Potassium (K) is highly mobile in plants at all levels, i.e. from individual cell to xylem and phloem transport. This cation plays a major role in: (i) enzyme activation; (ii) protein synthesis; (iii) stomatal function; (iv) stabilization of internal pH; (v) photosynthesis; (vi) turgor related processes; and (vii) transport of metabolites. Citrus trees generally do not show visible deficiency symptoms across a wide range of K status in the leaves, except when the leaf concentrations drop below 3 to 4 mg/kg.

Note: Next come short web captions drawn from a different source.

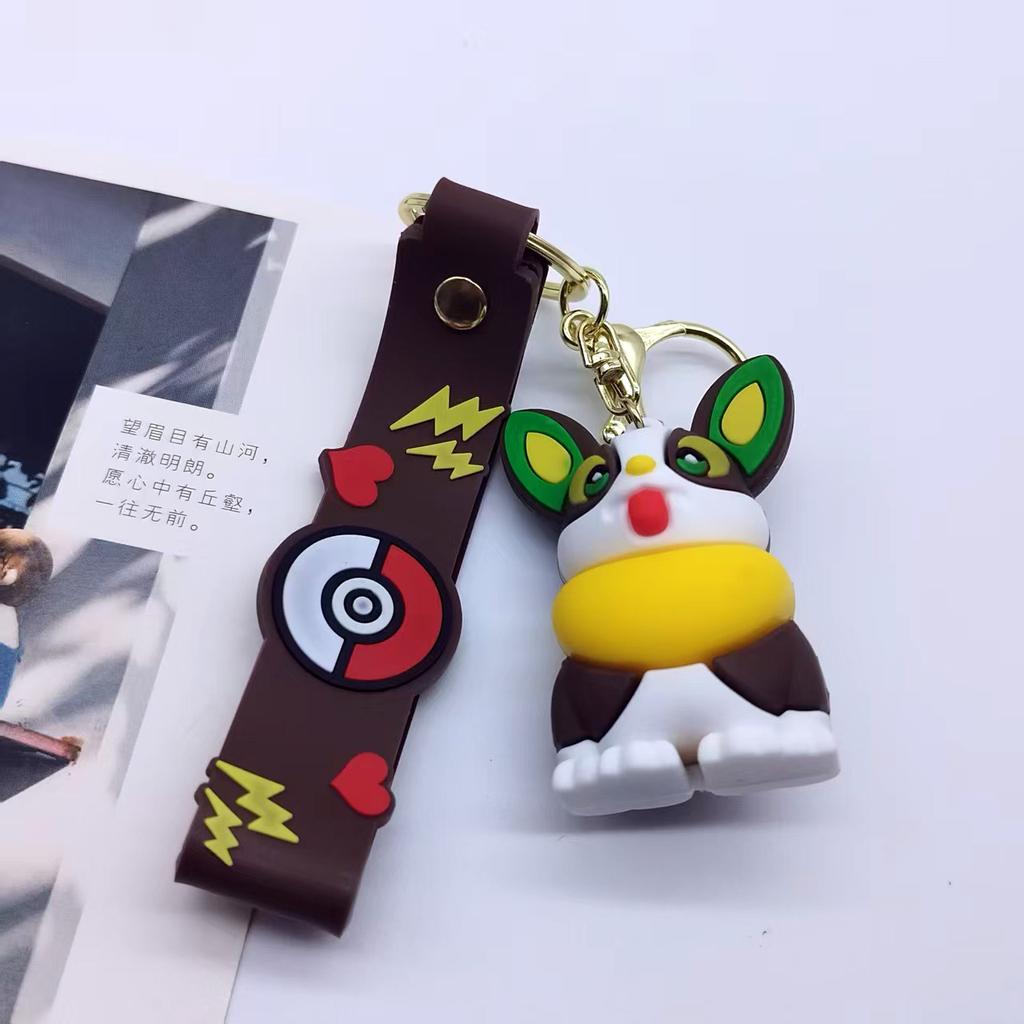 New Model Pokémon Keychain Pikachu Psyduck Accessories Ornaments Figurines Dolls Cartoons Cute Personalized Gifts Y2k Fashion
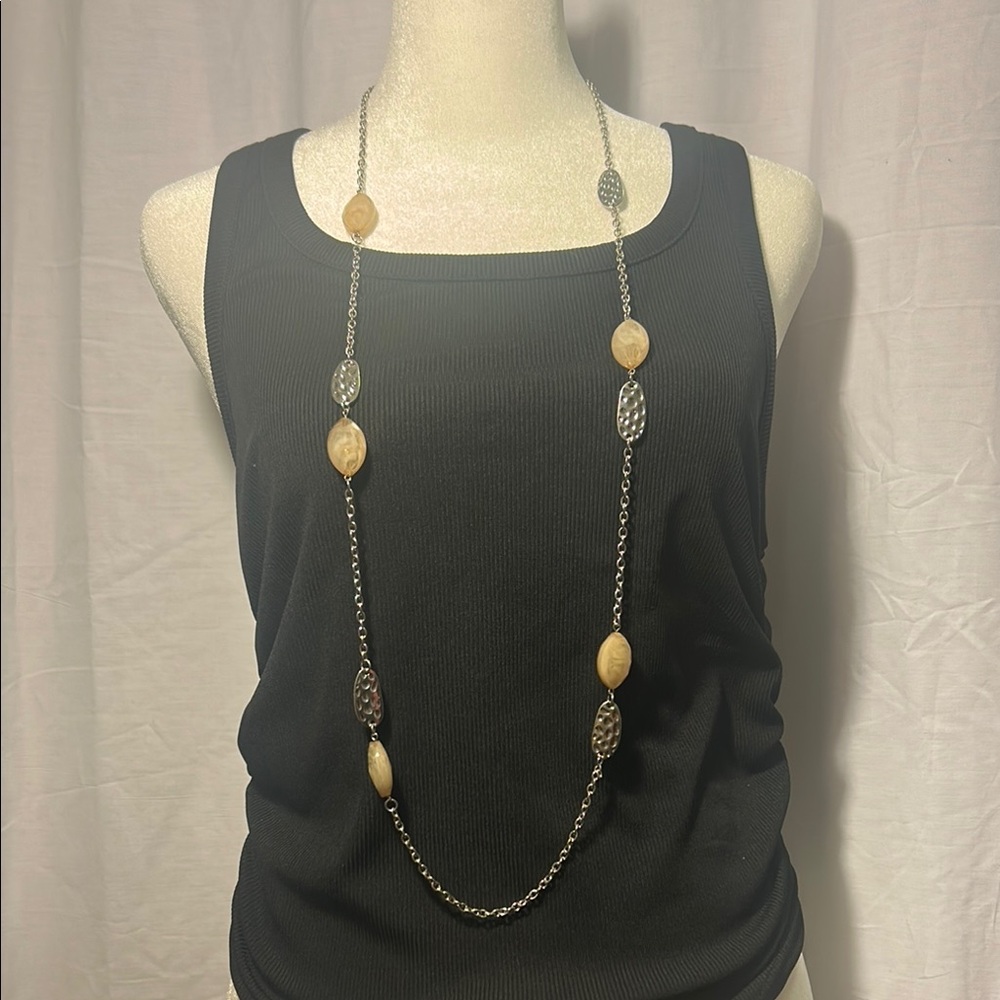 Elegant Gold and Silver Necklace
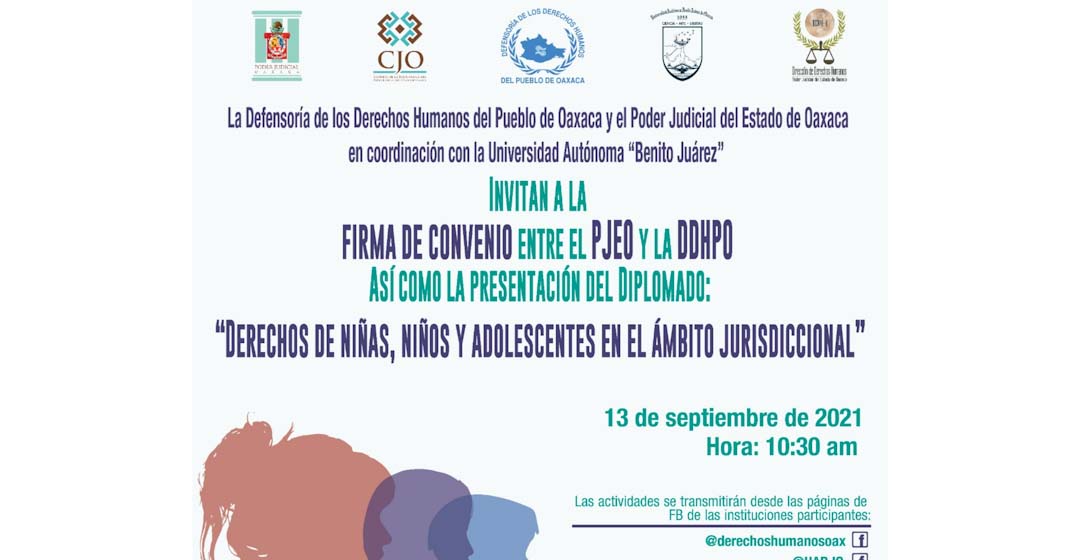 La DDHPO, TSJ y la UABJO firman acuerdo de colaboración en favor de grupos vulnerables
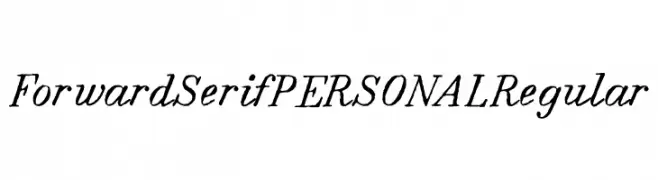 Forward Serif PERSONAL Regular  免费字体下载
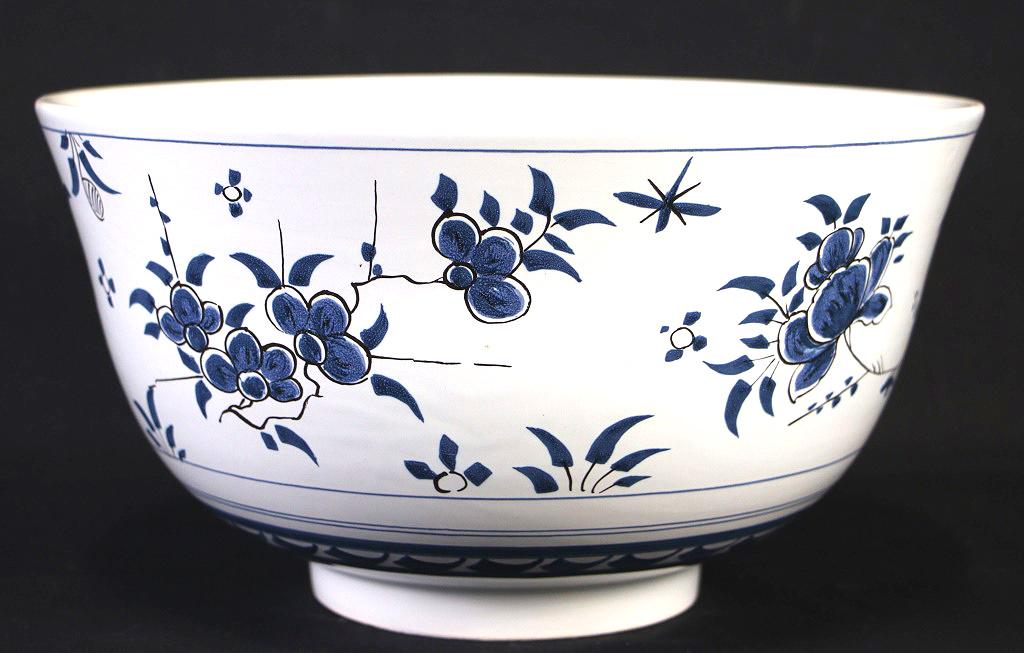 VINTAGE BLUE & WHITE DELFT BOWL (1 of 4)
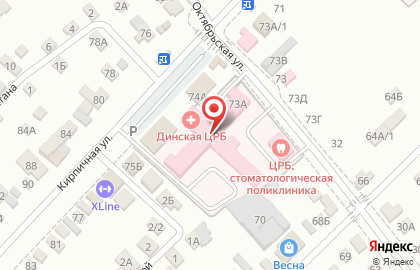 Медицинская лаборатория CL на Кирпичной улице на карте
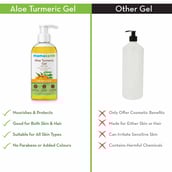 Benefit2 - Mamaearth Aloe Turmeric Gel,  300 ml  with Pure Aloe Vera & Turmeric for Skin & Hair 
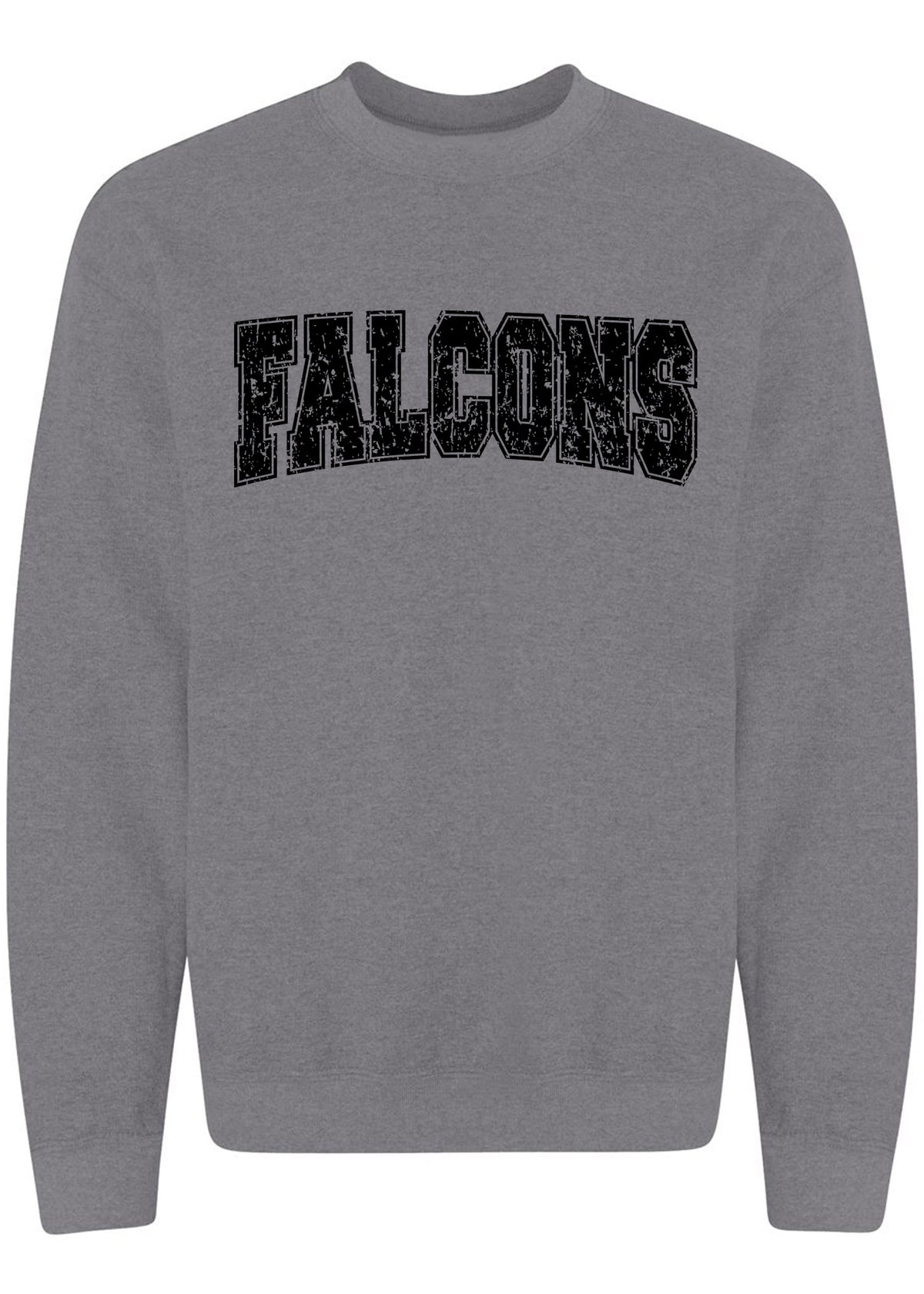 Distressed Falcon Crewneck Sweatshirt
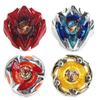 Vibrant Red Alloy Spinning Top Toy Single Pack Non-electric Battle Gyro For Kids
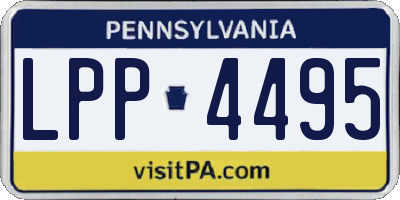 PA license plate LPP4495
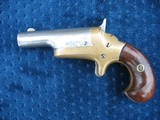 Antique Colt Thuer Derringer. Early 2nd Model With High Hammer And Tight Grip Curl. Fine Bore,Grips. Excellent Mechanics. All Matching. - 4 of 13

However, fruit quality is quite sensitive to varying levels of K availability. High levels of K cause large fruit size with thick and coarse peel. In contrast, K deficiency produces smaller fruits with thin peel. With regard to juice properties, K nutrition has a significant role in juice acidity; i.e. high juice acidity with high K availability, while low K availability causes decrease in juice acidity. High K availability in the soil can reduce the uptake of other cations, primarily magnesium, calcium, and ammonium_N. In this paper, the available information on the effects of varying availability of K on the fruit yield, postharvest quality of fruit, as well as juice quality is summarized. The current recommendations on the application of soil and leaf analysis for evaluation of the K nutritional status, and guidelines for K fertilization are also discussed.